I also want to briefly address Ryan’s dismissal of my claim that, with regard to 9/11, “[o]ne attack, no matter how horrible, does not a (non-international) armed conflict make.” He disagrees, citing a 2003 article by Derek Jinks in which Jinks claims (1) that “the laws of war apply to all acts committed in an armed conflict even if committed prior to the point at which the ‘protracted’ threshold was crossed,” and (2) that NIAC exists even if the hostilities are not adequately organized and intense as long as “the state party to the hostilities interprets them as an ‘armed conflict (a subjective standard).” I have great respect for Derek’s work, but both points are well outside of the IHL mainstream. (And note that Derek repeated the second point today.)
I will try to write in more depth about Derek’s points soon. Suffice it for now to say that the only cite he provides for his first point does not actually support his argument. Here is what he says in the footnote, citing paras. 619-27 of the Trial Chamber’s judgment in Akayesu:
The jurisprudence of the ICTR is instructive on this point. The relevant “armed conflict” in Rwanda lasted a total of six months. Applying the ICTY definition, the tribunal held Common Article 3 applicable to the conflict, finding that the “armed conflict” existed from the initiation of the hostilities even if the existence of an armed conflict could only be discerned after the violence had become “protracted.”
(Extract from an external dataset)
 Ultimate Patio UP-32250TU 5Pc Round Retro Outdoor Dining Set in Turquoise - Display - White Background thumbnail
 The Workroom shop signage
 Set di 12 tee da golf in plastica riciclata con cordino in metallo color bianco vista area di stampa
That is not what the Trial Chamber held. It held only that “[i]n the present case, evidence has been presented to the Chamber which showed there was at the least a conflict not of a international character in Rwanda at the time of the events alleged in the Indictment” (para 627; emphasis mine). The events alleged in the indictment with regard to war crimes began on 7 April 1994, one day after President Habyarimana’s plane was shot down. By that time, the conflict had already begun between the RPF and FAR (see para. 109 of the judgment), justifying the Trial Chamber’s conclusion that a NIAC existed. More importantly, the Trial Chamber neither suggested nor implied that the attack on the plane — the Rwandan genocide equivalent to 9/11 — was itself part of the NIAC that began the next day. That was simply not an issue in the case.
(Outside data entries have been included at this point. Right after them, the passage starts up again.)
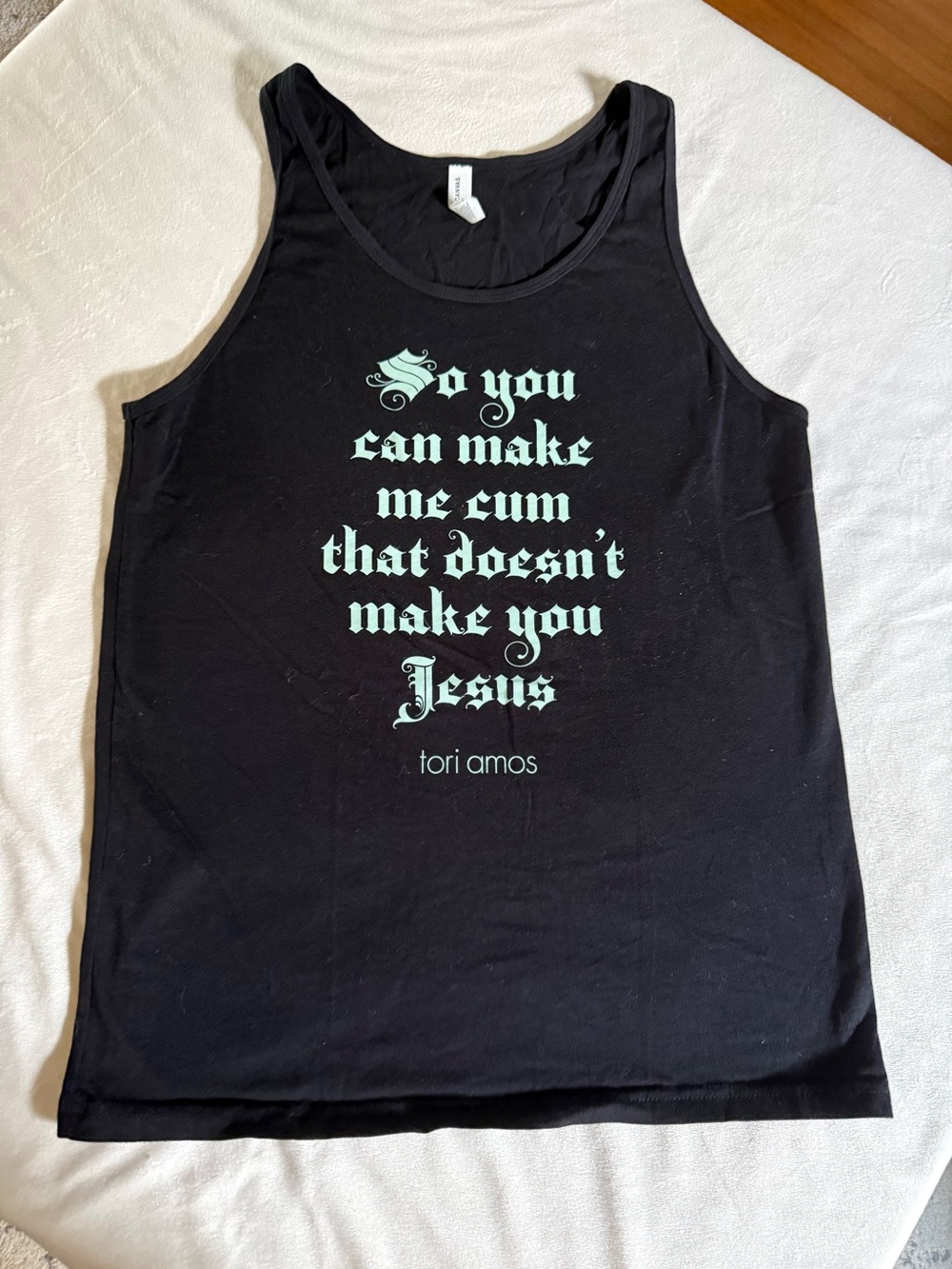 Tori Amos Canvas Black Tank with Mint-Green Gothic Text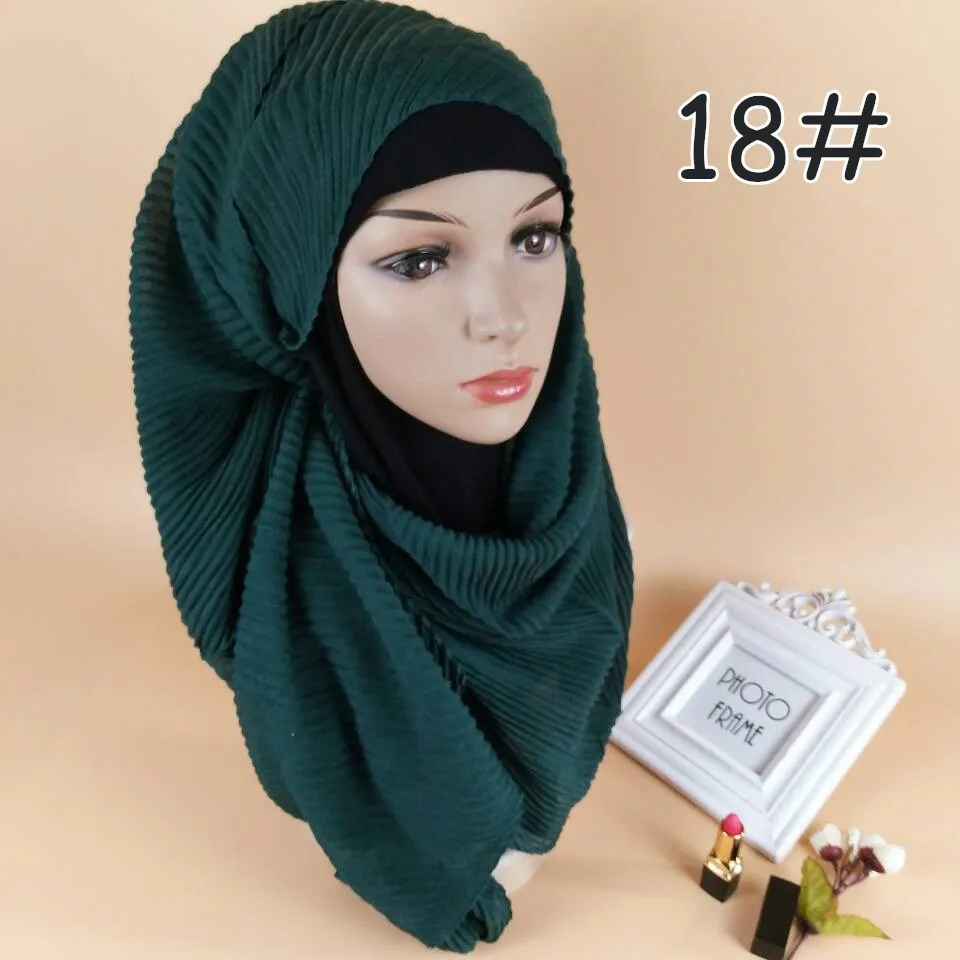 180*70 см мягкие носки из тонкого хлопка Hijab шарф Мусульманский платок исламский аксессуары Платки femme - Цвет: 18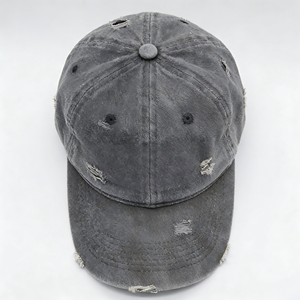 Gorra <span class=keywords><strong>de</strong></span> Béisbol <span class=keywords><strong>de</strong></span> 6 Paneles <span class=keywords><strong>de</strong></span> Algodón Velour Desgastado, Estilo Dad Hat, Color Sólido, con Logotipo Bordado, para Uso Diario, Formal y <span class=keywords><strong>de</strong></span> Ocio - Product Image 2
Finally, it’s also worth briefly noting that Akayesu also contradicts Derek’s second point — that a state’s subjective belief a NIAC exists means that a NIAC exists even if the hostilities do not objectively qualify as armed conflict. The Trial Chamber specifically noted (para. 624) with regard to both Common Article 3 conflicts and Second Additional Protocol conflicts that “these criteria have to be applied objectively, irrespective of the subjective conclusions of the parties involved in the conflict.” But I’ll have more to say about that issue later.